Directions for this task:
Pictures aside, repeat the whole listing word for word.

Information shown:
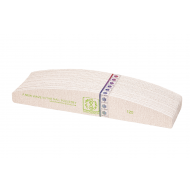 Refill Pads for Half Moon Nail File Soft Based 120grit 30pcs Refill Pads for Half Moon Nail File Soft Based 120grit 30pcs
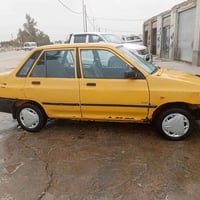 موديل ٢٠١٣ • محرك بكفاله • الرابع يفلت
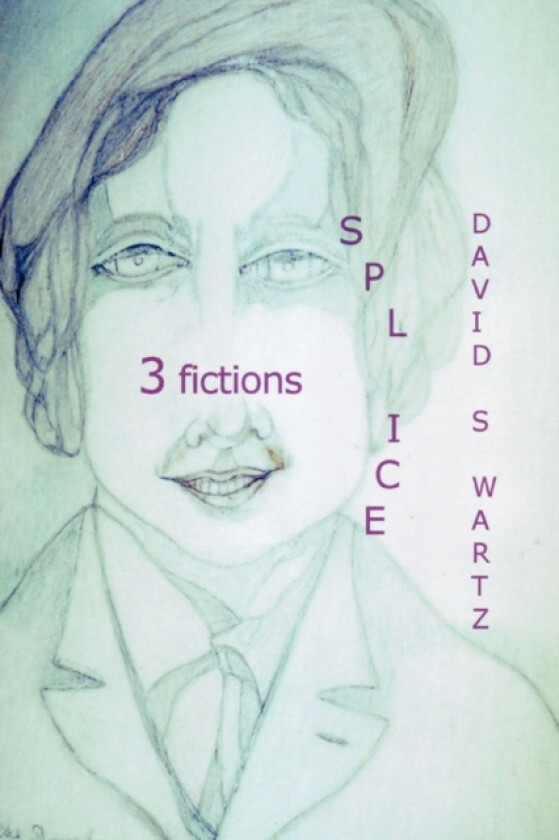 Splice av David Swartz (Paperback)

Result:
 Refill Pads for Half Moon Nail File Soft Based 120grit 30pcs Refill Pads for Half Moon Nail File Soft Based 120grit 30pcs
 موديل ٢٠١٣ • محرك بكفاله • الرابع يفلت
 Splice av David Swartz (Paperback)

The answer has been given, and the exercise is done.